The Brownsville Police Department is warning residents to not fall victim to “virtual kidnapping.”

Police said a Brownsville family recently fell victim to the common phone scam.

In the scam that was reported to police, the suspect’s audio recorded the target family member while extorting money from them claiming they had a second target in their custody. The suspects would use the voice recording of target 1 to trick the second family member into believing their first target was being held captive.

Police say whether it is a “virtual kidnapping” scam or the “relative” claiming they need bail money, be very careful, hang up and call the alleged family member to make sure they’re okay and never wire money to anyone you don’t know.

Here are some tips you can follow from police and the FBI:

“Virtual kidnapping takes on many forms, it is always an extortion scheme – one that tricks victims into paying a ransom to free a loved one they believe is being threatened with violence or death,”.

Police said the calls are random and could come at any point, day or night.

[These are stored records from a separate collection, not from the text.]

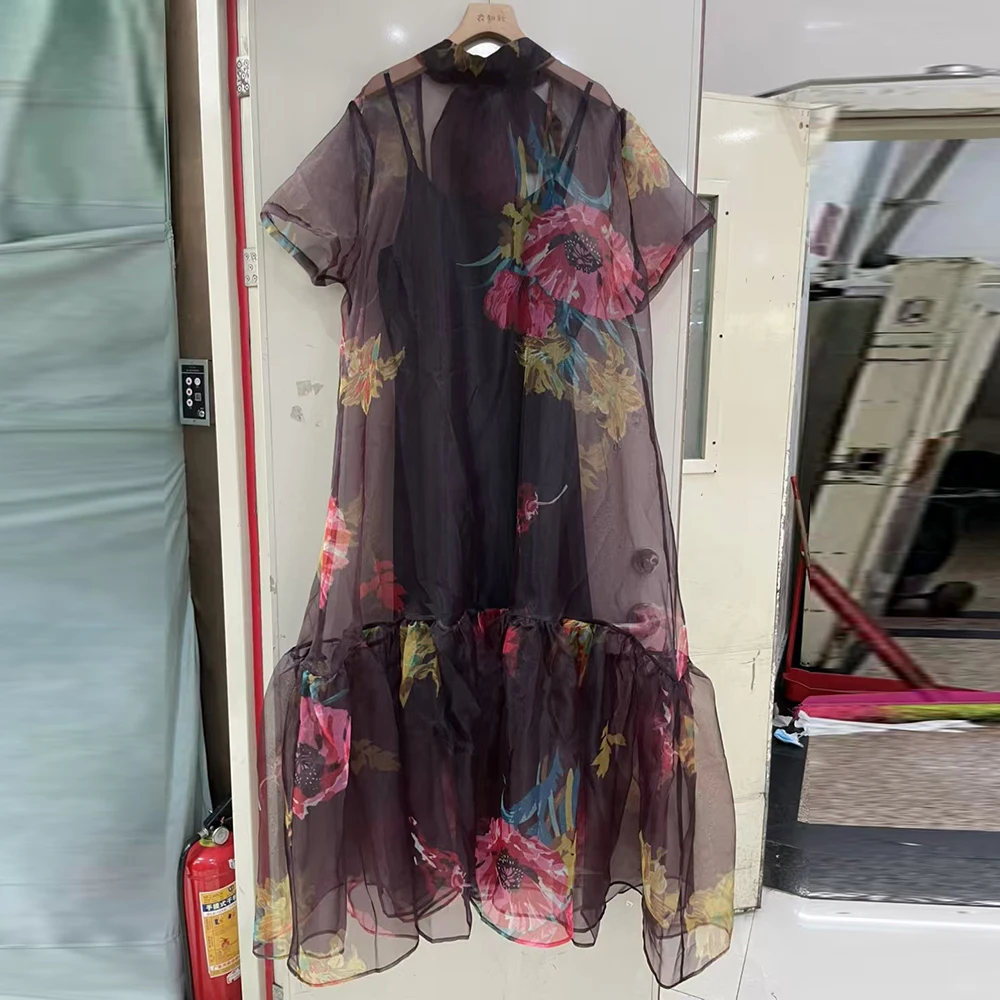 TWOTWINSTYLE, vestidos elegantes holgados con estampado empalmado para mujer, cuello redondo, manga corta, vestido con pliegues de malla de retales para mujer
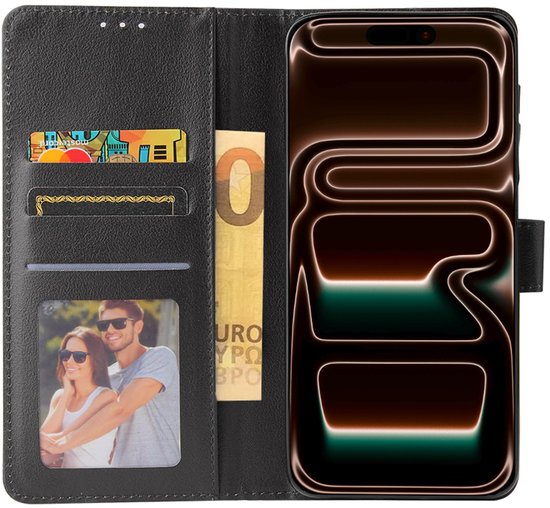 Bookcase Hoesje Geschikt Voor iPhone 17 Pro Max - Wallet Case - Hoesje Met Pasjeshouder - Zwart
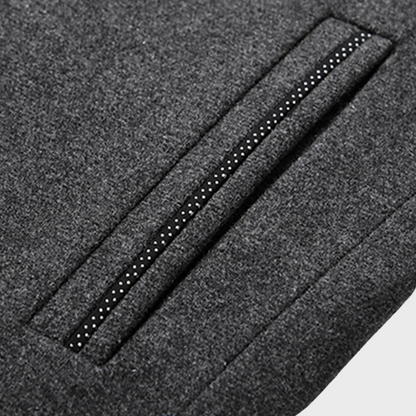 VogeLuxe | Men’s Mandarin Collar Quilted-Lining Tailored Coat 6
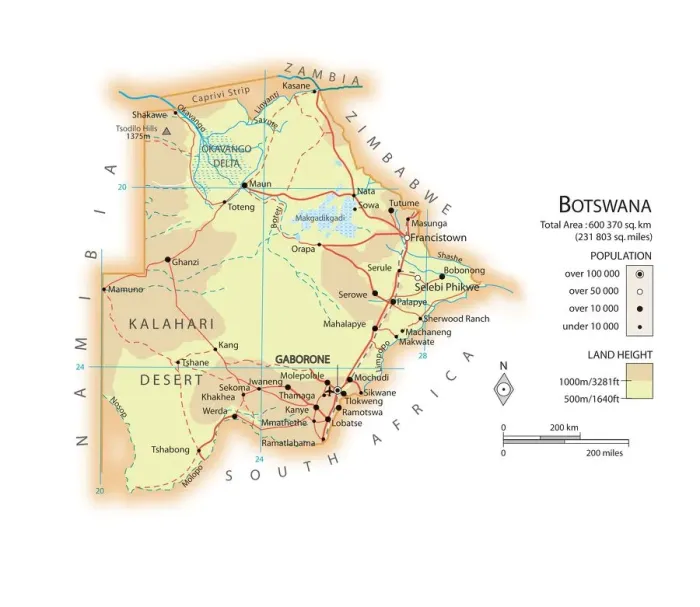 Framed Print : Botswana Map Print Framed Print : Botswana Map Print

The caller will usually say they’ve kidnapped a relative and wants money wired over in exchange for their release. Through social media, they can even identify the relative by name, making the call even more credible.

To avoid becoming a victim, the FBI said, people should be aware of the following:

  • Callers go to great lengths to keep you on the phone, insisting you remain on the line.
  • Calls do not come from the supposed victim’s phone.
  • Callers try to prevent you from contacting the “kidnapped” victim.
  • Calls include demands for ransom money to be paid via wire transfer to Mexico; ransom amount demands may drop quickly.

If you receive a call from someone demanding a ransom for an alleged kidnap victim, the FBI says, consider the following:

  • In most cases, the best course of action is to hang up the phone.
  • If you do engage the caller, don’t call out your loved one’s name.
  • Try to slow the situation down. Ask to speak to your family member directly. Ask, “How do I know my loved one is OK?”
  • Ask questions only the alleged kidnap victim would know, such as the name of a pet. Avoid sharing information about yourself or your family.
  • Listen carefully to the voice of the alleged victim if the person speaks.
  • Attempt to contact the alleged victim via phone, text, or social media, and ask the person to call back from their cell phone.
  • To buy time, repeat the caller’s request and tell the person you are writing down the demand, or tell the caller you need time to get things moving.
  • Don’t agree to pay a ransom, by wire or in person. Delivering money in person can be dangerous.